RFRA was passed in direct response to the 1990 Supreme Court decision in Employment Division v. Smith. At issue was whether the First Amendment’s Free Exercise Clause allowed Native Americans to use peyote if the state law disapproved of the psychoactive compound found in the peyote cactus. Native American tribes have used peyote in religious ceremonies for centuries.

The court ruled against the right of Native Americans to use peyote, but more important, it reduced the legal protections for all religions. A backlash ensued.

Forest Montgomery, NAE legal counsel at the time, said, “I’m still upset about Smith.” Testifying before the Senate Judiciary Committee in 1992, he said, “No liberty is more precious in the American experience than religious liberty — our First Freedom. Yet the Supreme Court, the very guardian of our liberties, metamorphosed the Free Exercise Clause from fundamental right to hollow promise.”

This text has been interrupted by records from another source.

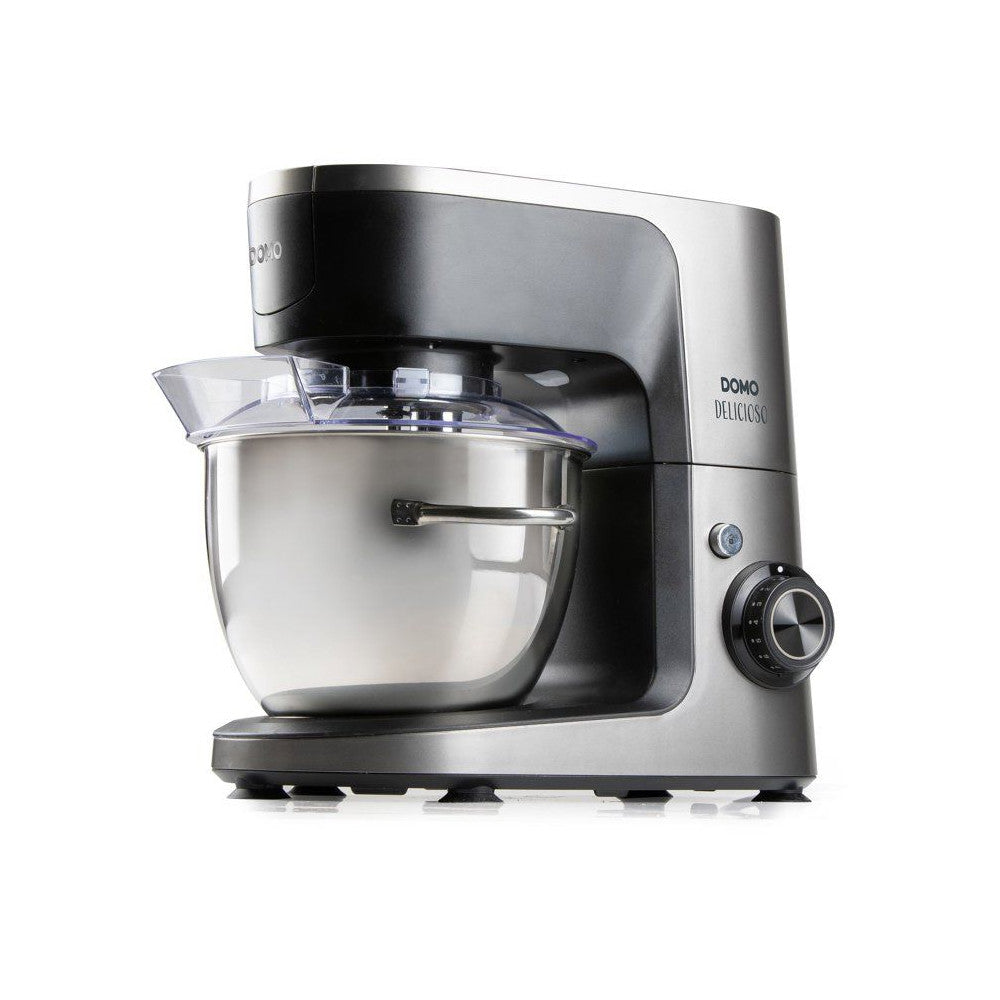 Robot Pâtissier Multifonction - Domo - 1200 W - 4,5 L - 8 Vitesses + Pulse - Gris / Noir Domo - Mathon - 1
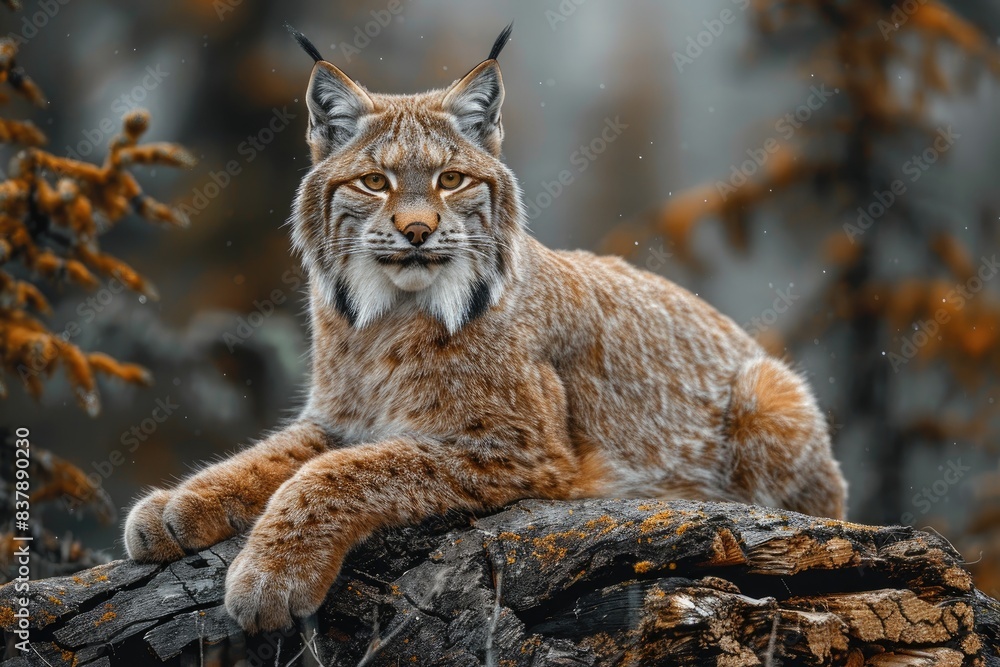 Majestic lynx resting on a tree trunk in its natural habitat, showcasing its striking features and beautiful fur coat. Majestic lynx resting on a tree trunk in its natural habitat, showcasing its striking features and beautiful fur coat.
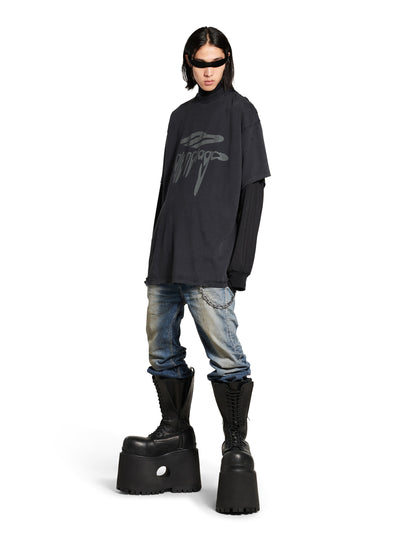 Outlet online Balenciaga Hombre Camiseta 3B Liquefied color Negro sku 553-004138 01 - Foto 2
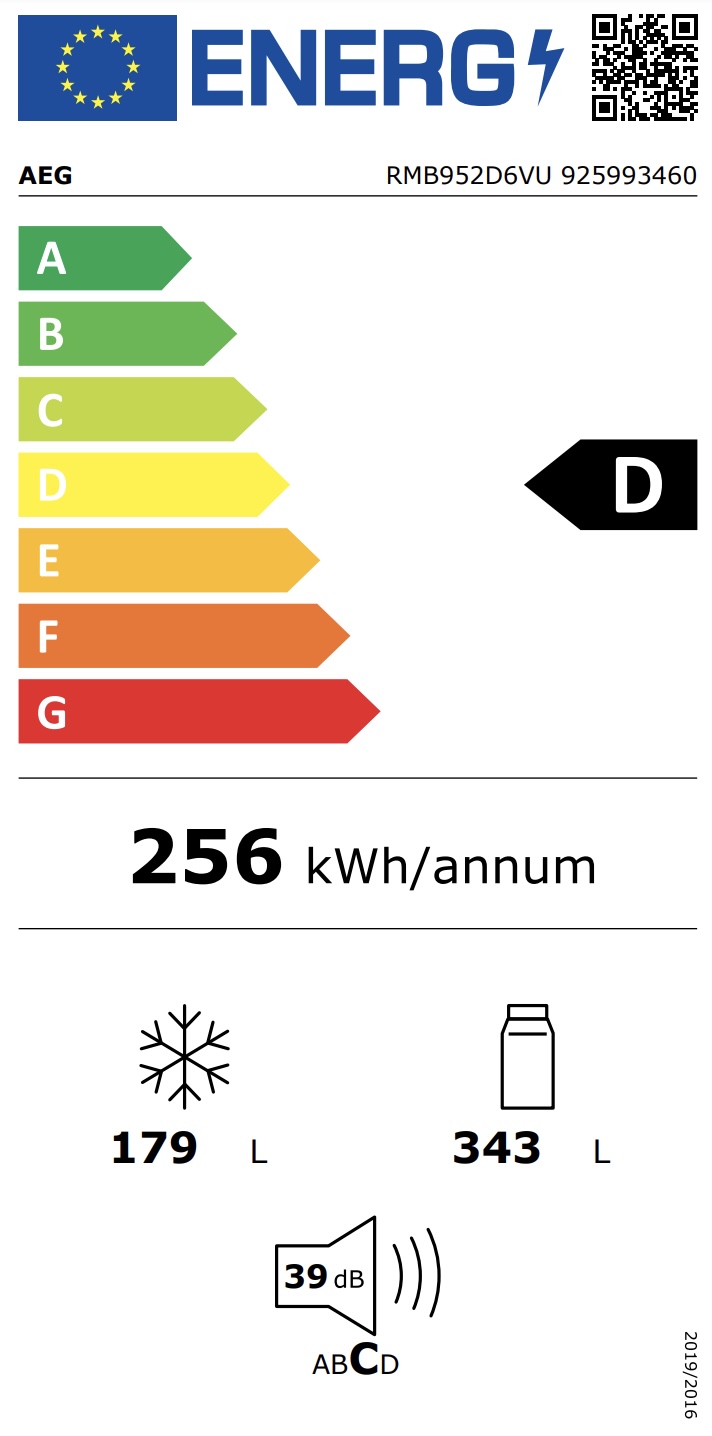 AEG RMB952D6VU 9000 side-by-side - 190cm AEG RMB952D6VU 9000 side-by-side - 190cm
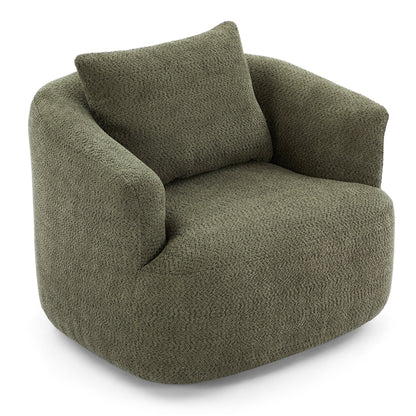 360° Swivel Chair, 38.2 Boucle Accent Chair with Throw Pillow, Upholstered Barrel Sofa Chair with Curved Armrests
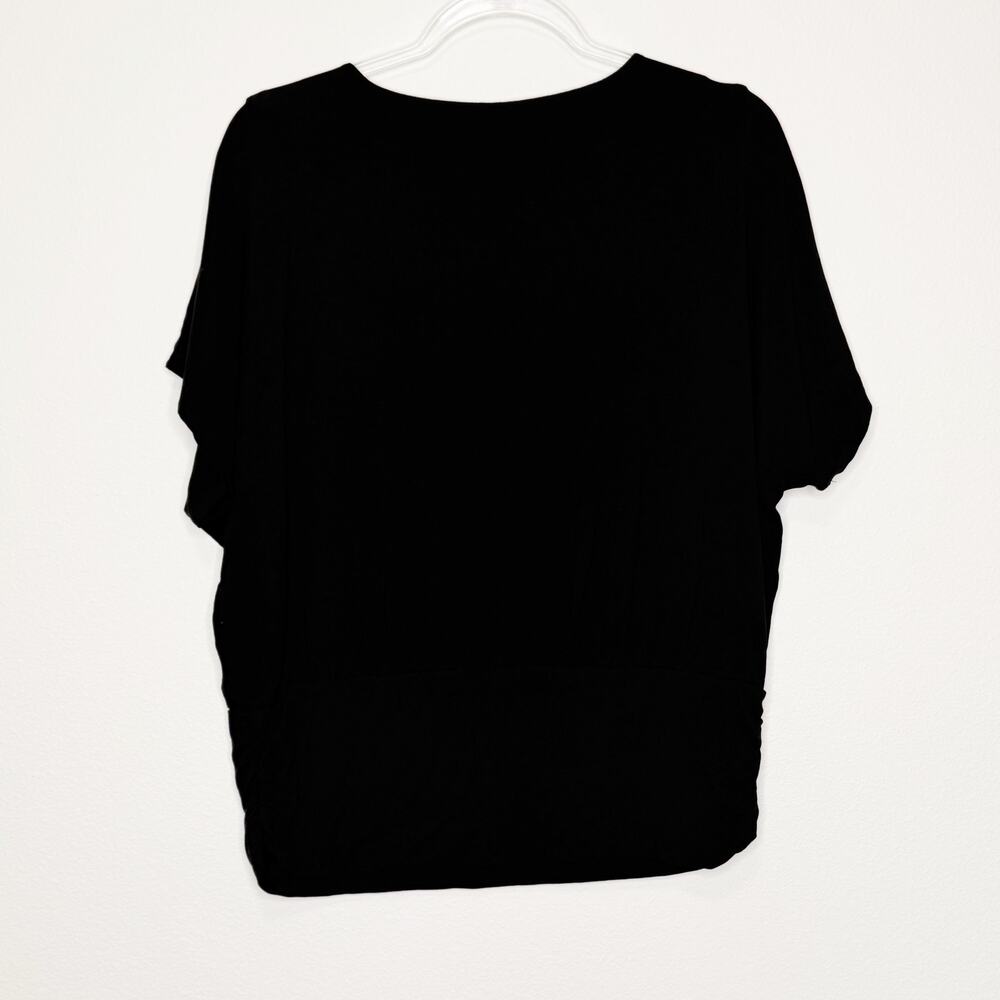 CHICO'S Touch of Cool Ruched Banded Hem Top Dolman Sleeve Black Womens Size L - Picture 7 of 9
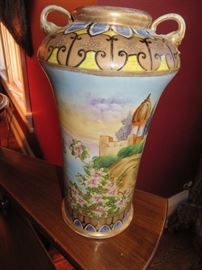 ANTIQUE HAND PAINTED URN VASE
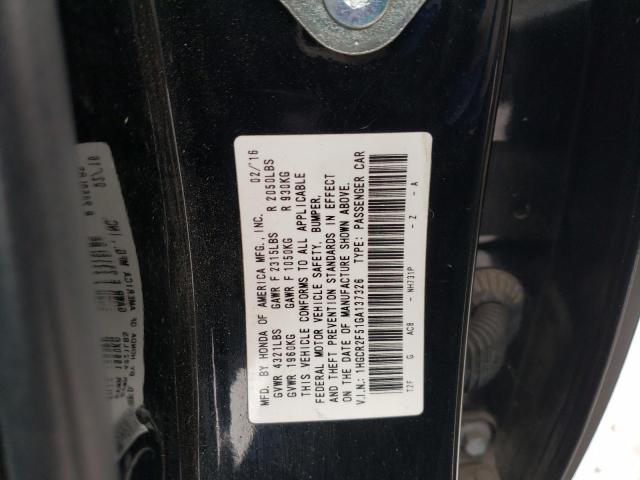 1HGCR2F51GA137326 - 2016 HONDA ACCORD SPORT BLACK photo 12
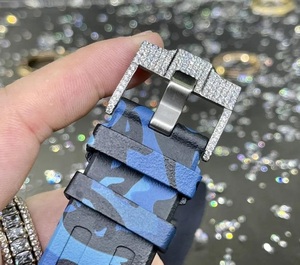 <b>Automatic</b> Luxury Sport Stainless Steel <b>Chronograph</b> Watch Crystal Mechanical Movement Fully Moissanite Bracelet Hip Hop Style - Product Image 6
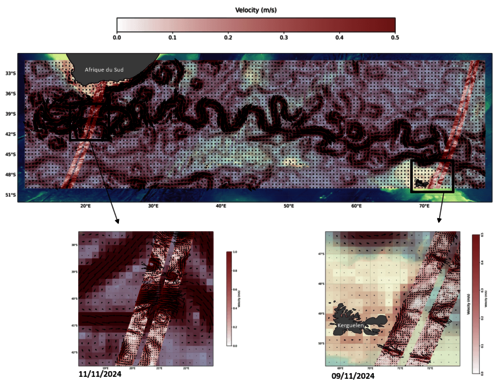 Courants géostrophiques mesurés par satellite SWOT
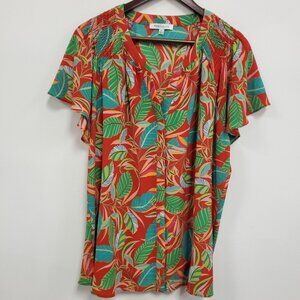Rose & Olive Women Tropical Floral Button Up Top Size 1X Artsy Hawaiian Colorful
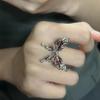 Vintage Red Butterfly Rings For Women Goth Punk Irregular Open Rings Set Y2K Halloween Accessories For Women Kpop Jewelry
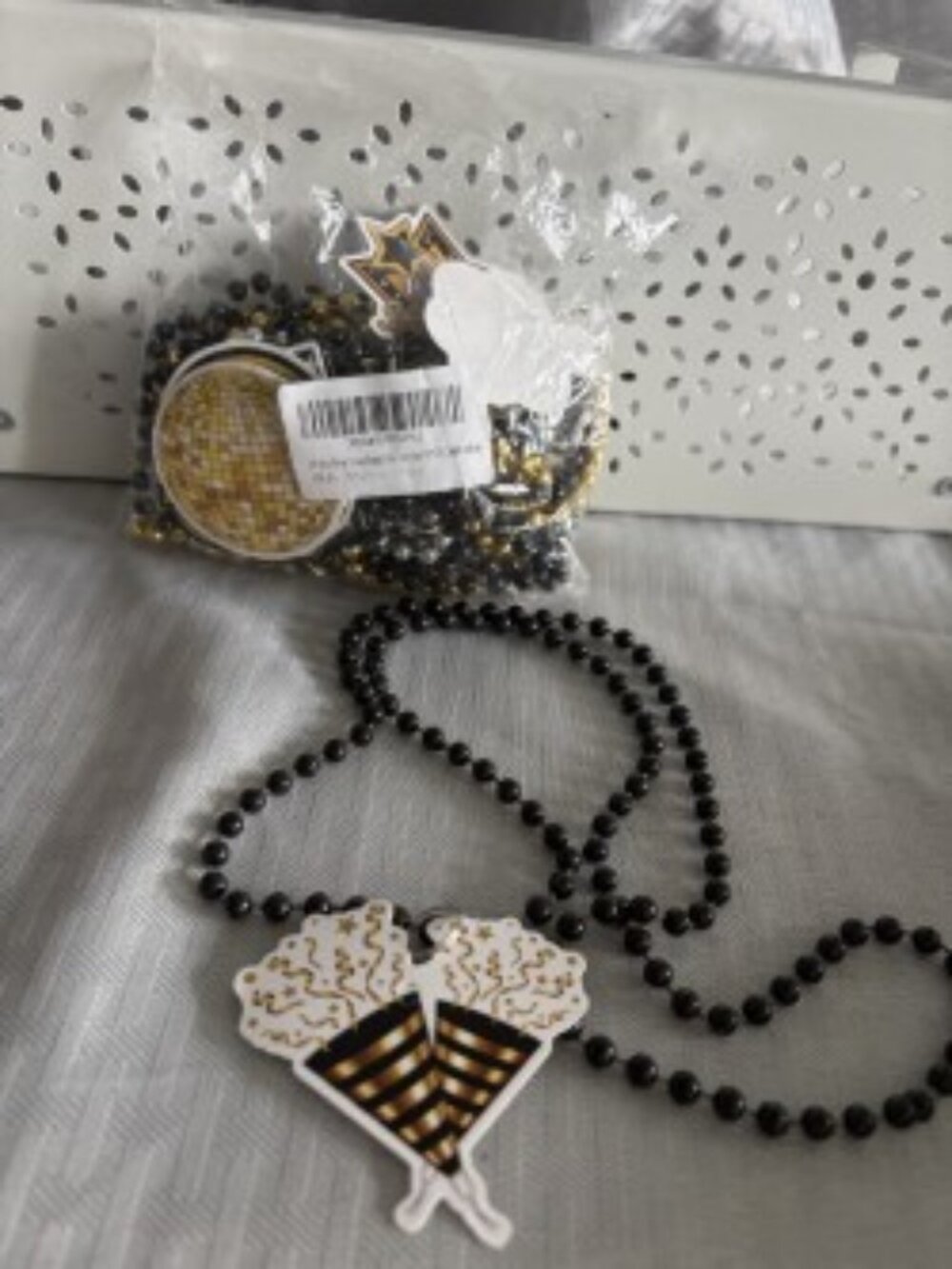 Party Bead Necklace with Pom-Pom Confetti Pendant - Black and Gold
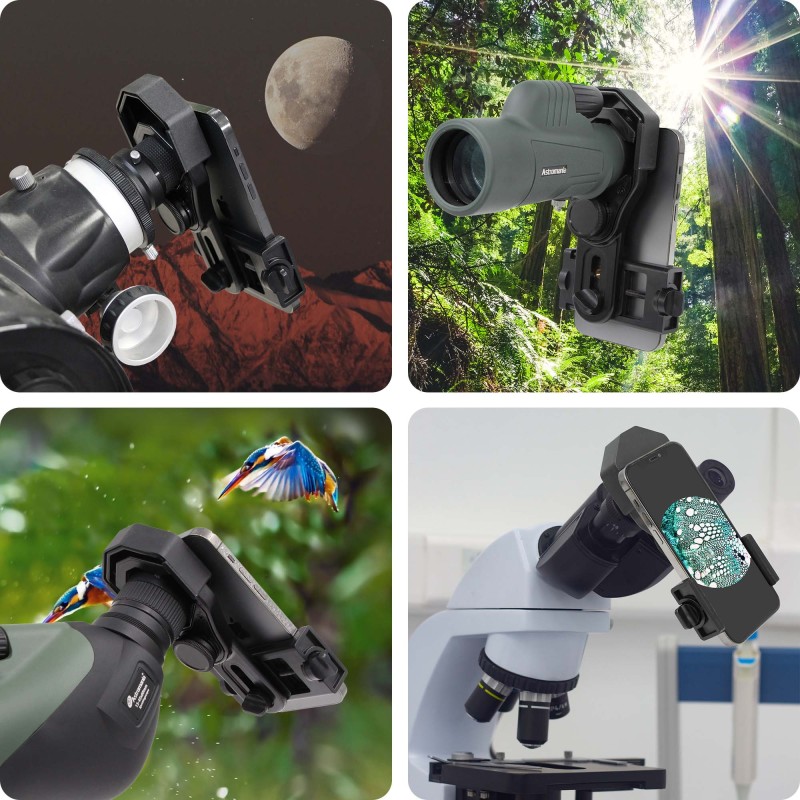 Astromania Smartphone Photography Adapter for Telescope – Digiscoping Smartphone Adapter – Capture Photos and Video Through Your Telescope or Spotting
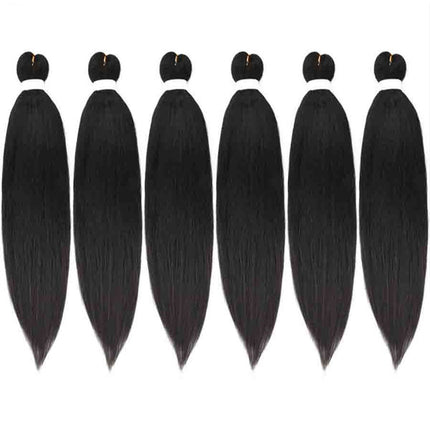 26 Inches Dark Black African Stylish Hair Extension Women Fashion Artificial Hairs  Synthetic Fiber Hair Wig Extensions - Black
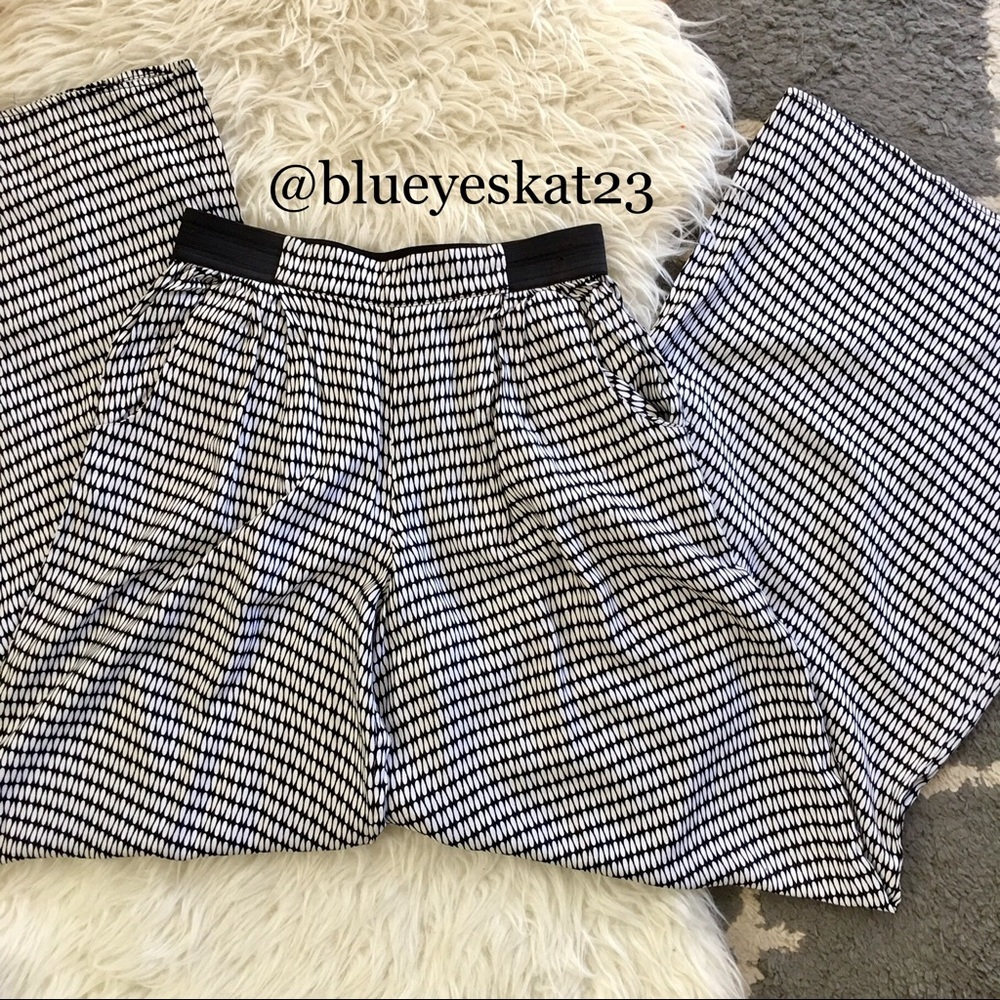 Black & White Patterned Palazzo Pants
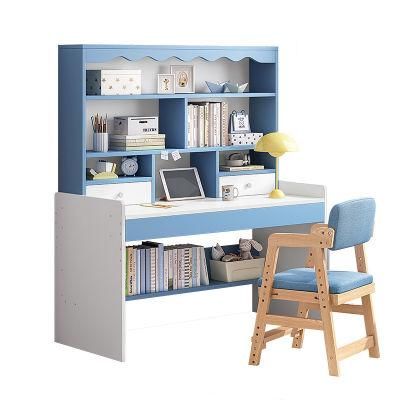 Children&prime; S Liftable Computer Desk and Bookshelf Integrated Bedroom Study Desk 0122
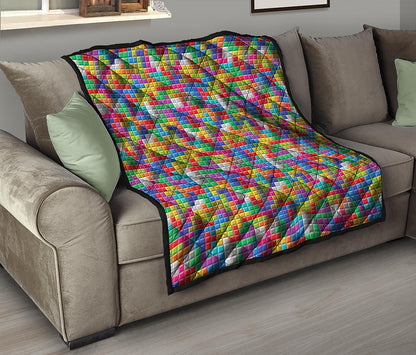 Colorful Brick Puzzle Game Pattern Print Quilt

After Smith, the Coalition for the Free Exercise of Religion, of which the NAE was a founding member, grew to include 66 organizations ranging from Americans United for Separation of Church and State to Traditional Values Coalition and included Muslim, Jewish, Sikh, humanist, mainline Christian and evangelical groups, among many others.

Oliver “Buzz” Thomas, former general counsel of the Baptist Joint Committee for Religious Freedom, chaired the coalition and said that Montgomery was “the guy who kept evangelicals and other conservative groups in the harness.”

“There were many who share credit for RFRA’s passage — Steve McFarland, David Saperstein, Mort Halperin, Mike Farris, Marc Stern and others — but when the wheels fell off, no one did more than Forest and the NAE,” Thomas said.

The coalition worked on research, drafting legislation and advocacy. They sent letters to members of Congress and visited offices. According to Thomas, Montgomery passed out “Religious Liberty for All!” pins all over Capitol Hill. In the end, only three senators voted against its passage.

The federal RFRA, like many of the state-level laws, prohibits substantial government burdens on sincere religious exercise unless the government can show a compelling interest in burdening religious liberty and that it is using the least restrictive means. RFRA protects the fundamental religious freedom of all Americans, including individuals of minority and majority religions.

President Bill Clinton signed the legislation during a ceremony held November 16, 1993, on the White House South Lawn. In the introductory remarks, then-Vice President Al Gore said, “When you have the National Association of Evangelicals and the American Civil Liberties Union, the National Islamic Prison Foundation and B’nai Brith … we’re doing something right here today.”

As Montgomery said, “We were on the side of angels.”

Despite its strong deference to religious freedom, RFRA does not allow individuals to do whatever they want in the name of religion. The law balances government interests with the fundamental freedom of individuals to practice their faith.

RFRA has been cited in many religious freedom cases. It was featured prominently in oral arguments in the contraception mandate case, Burwell v. Hobby Lobby, last March. In a 5-4 decision, the court reaffirmed that the Religious Freedom Restoration Act protects Americans of all faiths from government mandates that violate their conscience and religious beliefs. The NAE filed an amici brief in that case. Many states also have RFRA laws protecting the religious freedom of their citizens.